*** Records for the exercise ***

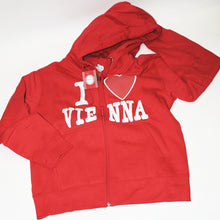 Laden Sie das Bild in den Galerie-Viewer, Kinder Sweatshirt mit Kapuze "I love Vienna" Rot
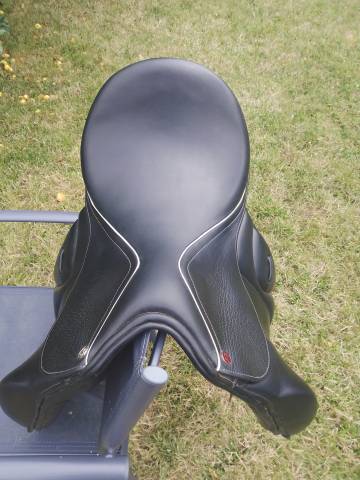 Sella da dressage Baude Daphn&eacute;e  17.5" - 2016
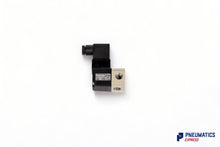 Load image into Gallery viewer, SMC EVT307W-5DZ-02F-Q Solenoid Valve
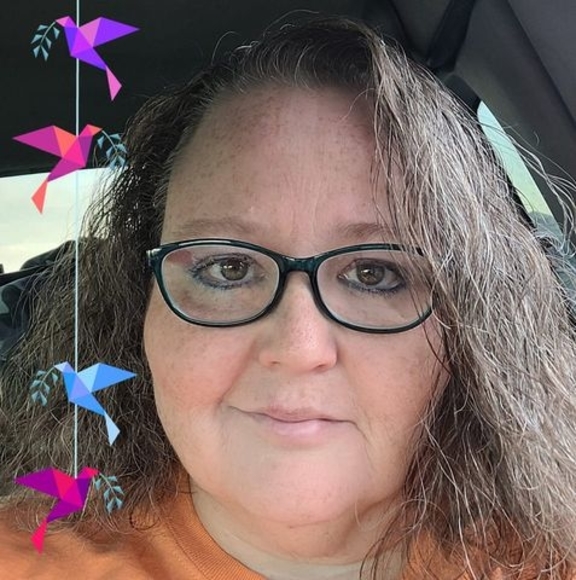 Profile Picture of April Spoonemore (@pril1970) on Poshmark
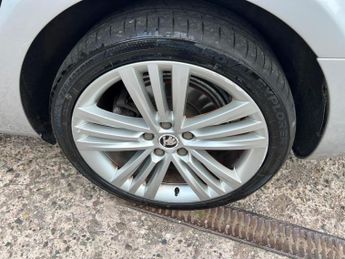 Skoda Superb 2.0 TDI Elegance DSG Euro 5 (s/s) 5dr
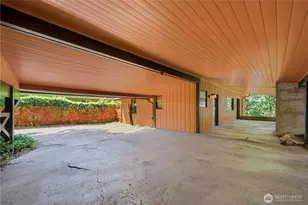 2521 103 Ave SE, Bellevue, WA 98004 - Photo 34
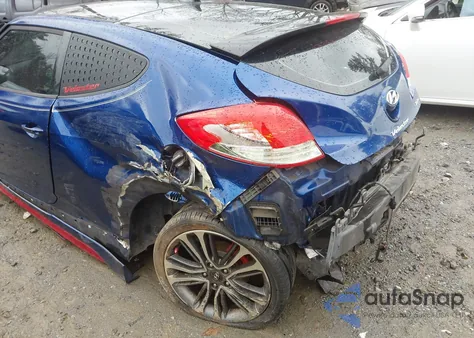 2016 Hyundai Veloster Turbo z USA, uszkodzony, nr VIN KMHTC6AE5GU255761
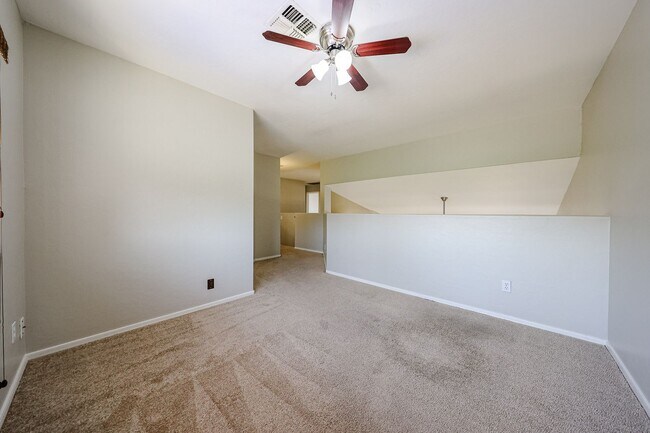 Building Photo - Stunning 3 bedroom, 2.5 bathroom Gold Cour...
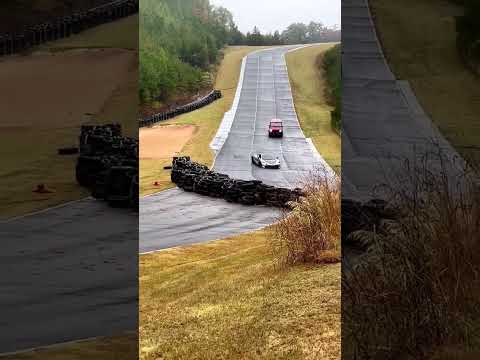 Super Car VS Jeep\SUV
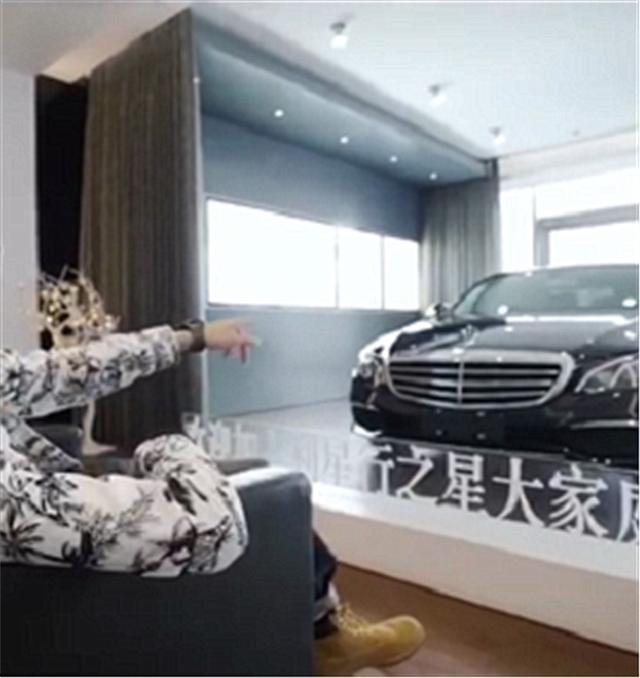 奔驰现车最多的4s店,亚洲最大奔驰4s店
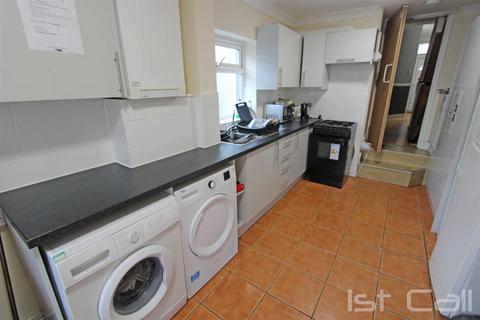 1 bedroom in a house share to rent - St Anns Road, Southend On Sea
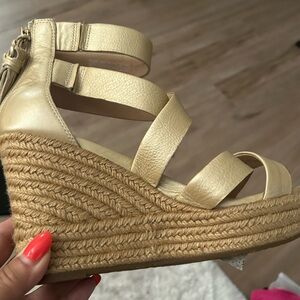 Brand new wot, never worn, matte gold Ugg sandals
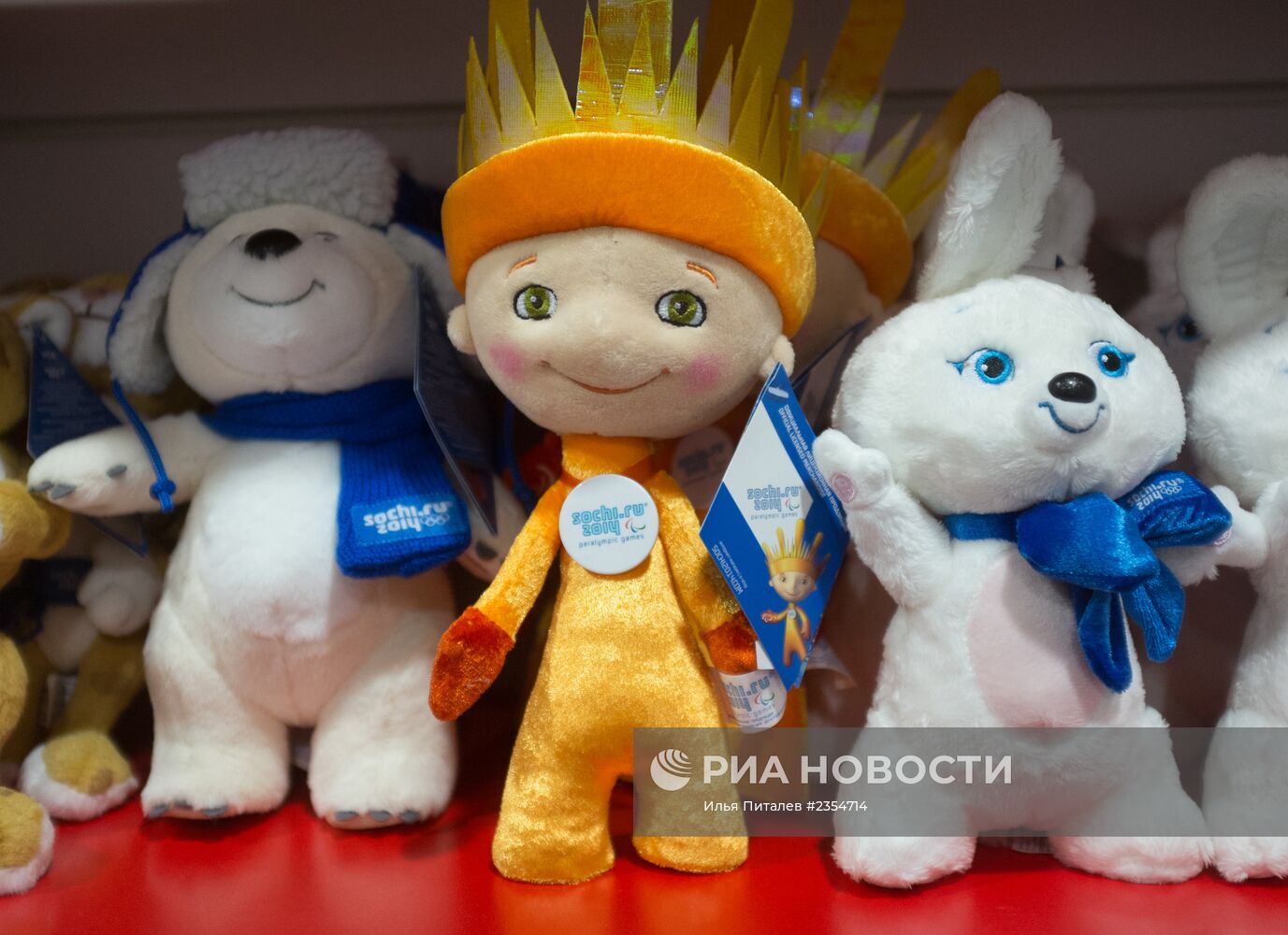 Продажа олимпийских сувениров в Сочи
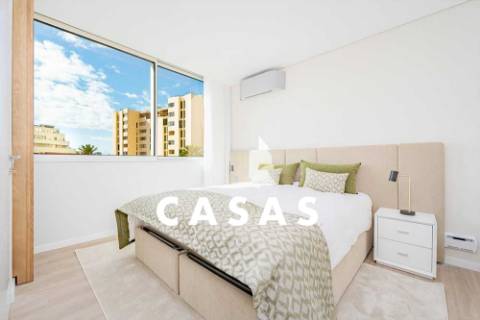 Apartamento T2 Arrendamento em Funchal (São Pedro),Funchal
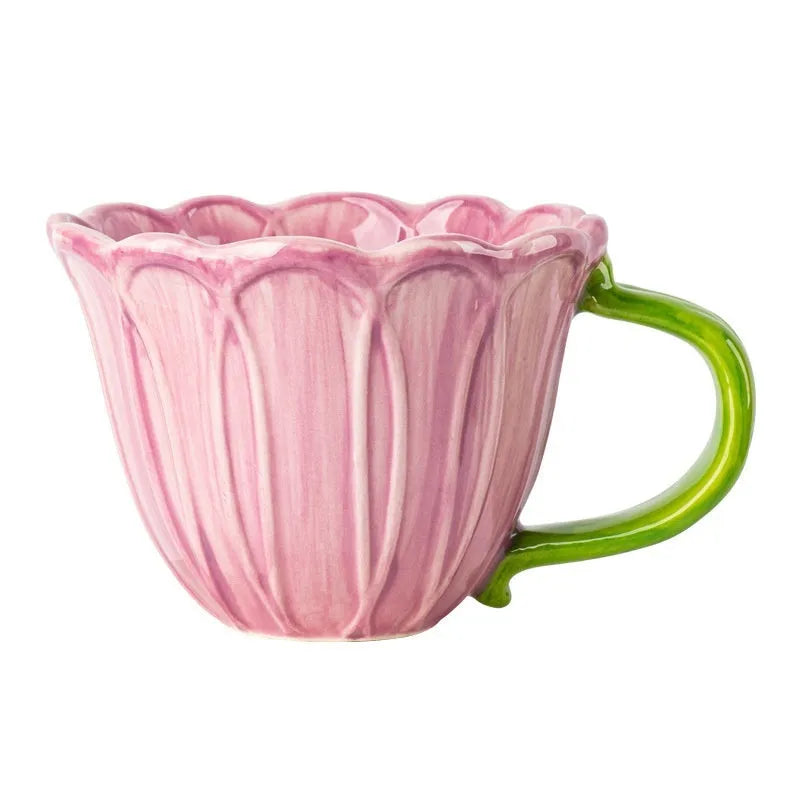 Ceramic breakfast cup with floral pattern, 500ml capacity, in red or purple pastoral style.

*** End of Records for the exercise ***

The problem:
Every entry belongs in the answer exactly as written, but no picture does.

Result for this exercise:
 Laden Sie das Bild in den Galerie-Viewer, Kinder Sweatshirt mit Kapuze "I love Vienna" Rot
 Sella da dressage Baude Daphn&eacute;e  17.5" - 2016
 Load image into Gallery viewer, SMC EVT307W-5DZ-02F-Q Solenoid Valve
 Profile Picture of April Spoonemore (@pril1970) on Poshmark
 Skoda Superb 2.0 TDI Elegance DSG Euro 5 (s/s) 5dr
 2521 103 Ave SE, Bellevue, WA 98004 - Photo 34
 2016 Hyundai Veloster Turbo z USA, uszkodzony, nr VIN KMHTC6AE5GU255761
 Building Photo - Stunning 3 bedroom, 2.5 bathroom Gold Cour...
 Super Car VS Jeep\SUV
 奔驰现车最多的4s店,亚洲最大奔驰4s店
 1 bedroom in a house share to rent - St Anns Road, Southend On Sea
 Brand new wot, never worn, matte gold Ugg sandals
 Продажа олимпийских сувениров в Сочи
 Apartamento T2 Arrendamento em Funchal (São Pedro),Funchal
 Ceramic breakfast cup with floral pattern, 500ml capacity, in red or purple pastoral style.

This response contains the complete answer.